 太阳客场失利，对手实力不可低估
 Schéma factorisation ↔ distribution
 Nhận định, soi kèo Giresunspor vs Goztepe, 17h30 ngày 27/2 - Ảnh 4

________

## Required action
Exactly as they appear above, write out all of the lines.

## Your response
 太阳客场失利，对手实力不可低估
 Schéma factorisation ↔ distribution
 Nhận định, soi kèo Giresunspor vs Goztepe, 17h30 ngày 27/2 - Ảnh 4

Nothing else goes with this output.